Dad’s Corner: Boxed Mac and Cheese with Love


I love to cook. It is my way of showing love. Taco salad… a big hug.  Grilled chicken with vegetables… a big smooch. Italian, Greek, Mexican…. hugs and kisses all around.

Nothing makes me feel greater than for me to prepare a meal and have the person ooh and ah over it.

They may as well be hugging me back. Have you ever tried to give a hug and the other person was just not having it? This is how I feel when cooking for my children.

My biggest critics are my two kids.

I have 2 of the pickiest eaters, and many times they take the joy out of cooking. I am the grocery shopper, meal planner, and cook for our family. My wife does the laundry and cleans, well, pretty much everything else if truth be told, but I own the food chores in our household. I remember when the kids were younger, they ate what we ate. They loved avocado, fruits, vegetables and when they did not have a choice, they ate. But then they tasted macaroni and cheese, and it was over for all other foods.  That became the meal they wanted and all they would eat. 

I don’t know if you have picky eaters in your house, but if you don’t, count yourself lucky. After 14 years I am amazed every visit to the doctor that they both continue to be “healthy”.

I mean, how can a person be “healthy” and only eat macaroni and cheese? 

I love mac and cheese, don’t get me wrong. I remember days in college when a meal for me was a blue box, all to myself, the deluxe kind, not the skimpy add your own ingredient kind. I would be hard pressed to not have mac and cheese on my list of favorite foods.

My kids love going out to eat and based on our lifestyle with work, sports, and well, laziness, we eat out more than we should. My kids are so opinionated about where to go. I suggest how about this place, and they say “No”, or this place and again they say “No”. I have asked on more than one occasion, what are you going to eat when you go? “Mac and cheese,” they say. “Well, you don’t get a vote then,” I respond.

My son has found a new level of pickiness. 

There are certain mac and cheese varieties (they are connoisseurs you know) that he says “this is not my favorite”. This is a line we taught them early when eating at others homes rather than to say, “I don’t like this” meanwhile thinking I am not going to even look at it much less put it in my mouth.

My daughter is a little more forgiving with her taste of mac and cheese, even preferring my homemade version over store bought. So there is hope, right?

I know what you are saying, and I agree, I am the problem. I shop and I pay for the meals out.

But somedays, I just don’t want food to be a battle. Life’s too short.

We have tried over the years. Held strong. Said, “No mac and cheese tonight, pick out something else on the menu.” We always retreat.

Raising kids is tough. I know I am preaching to the choir here because anyone reading this can relate.  I hope I am not alone.

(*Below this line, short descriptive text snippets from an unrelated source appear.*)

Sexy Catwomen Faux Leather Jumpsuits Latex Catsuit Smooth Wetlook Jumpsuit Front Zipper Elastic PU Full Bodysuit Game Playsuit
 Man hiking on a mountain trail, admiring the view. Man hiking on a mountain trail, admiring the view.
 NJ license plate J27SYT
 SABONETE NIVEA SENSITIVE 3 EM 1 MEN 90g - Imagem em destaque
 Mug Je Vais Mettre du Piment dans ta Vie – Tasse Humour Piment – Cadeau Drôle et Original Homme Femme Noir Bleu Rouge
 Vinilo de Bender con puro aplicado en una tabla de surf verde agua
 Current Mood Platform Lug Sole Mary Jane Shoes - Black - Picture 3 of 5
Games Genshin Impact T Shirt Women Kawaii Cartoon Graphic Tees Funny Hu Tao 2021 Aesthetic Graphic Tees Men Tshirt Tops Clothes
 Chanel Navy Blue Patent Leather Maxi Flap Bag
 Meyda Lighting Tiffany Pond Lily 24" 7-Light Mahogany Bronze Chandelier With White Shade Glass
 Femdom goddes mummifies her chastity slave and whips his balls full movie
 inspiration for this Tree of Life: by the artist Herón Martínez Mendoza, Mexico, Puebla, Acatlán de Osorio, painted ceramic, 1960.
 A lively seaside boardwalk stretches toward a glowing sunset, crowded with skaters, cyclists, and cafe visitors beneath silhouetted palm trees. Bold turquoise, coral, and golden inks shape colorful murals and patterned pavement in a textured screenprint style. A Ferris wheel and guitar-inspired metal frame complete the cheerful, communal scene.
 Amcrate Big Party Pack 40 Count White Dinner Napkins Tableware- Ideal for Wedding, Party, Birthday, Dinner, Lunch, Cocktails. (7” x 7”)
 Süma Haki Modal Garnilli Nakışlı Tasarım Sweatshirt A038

I have great kids, ask anyone that knows them. They are well mannered, respectful, do well in school and sports. They have made good choices in friends and are active in church. They look like perfect children and if there is one thing I could change about them, it would be their diet (with teenage attitude coming in a close second). In my quiet moments of prayer and reflection, I pray they will come to love ALL food as much as I do, but until then I will try to offer them other foods, that are as enjoyable or more so, than the blue box.

But for now, they are healthy and happy, and so are we.

I will cherish these days, where I do get to cook for them, because at 14 and 12 the days are dwindling, and they too will be out on their own making their own meal choices.  I hope that they never lose the love of mac and cheese (I never did) and that their favorite is the one dad made.*

 *No children were harmed in the writing of this post. Some creative licensing was used to highlight the main point.  I am happy to report they do eat other foods, like chicken nuggets, and pizza and that they are healthy, for now.

Kevin Beasley is a self- professed “foodie”, freelance writer, blogger, and marketing consultant. He lives in Hanover with his wife Shannon of 20 years (2-time cancer survivor) and two kids, Sydney, 14 years old daughter, Jack, 12 years old. Kevin’s parents have been married for 50 years and his in-laws have been married 45 years. He is a native Richmonder and a VCU alum. He loves his family, cooking, writing, and basketball.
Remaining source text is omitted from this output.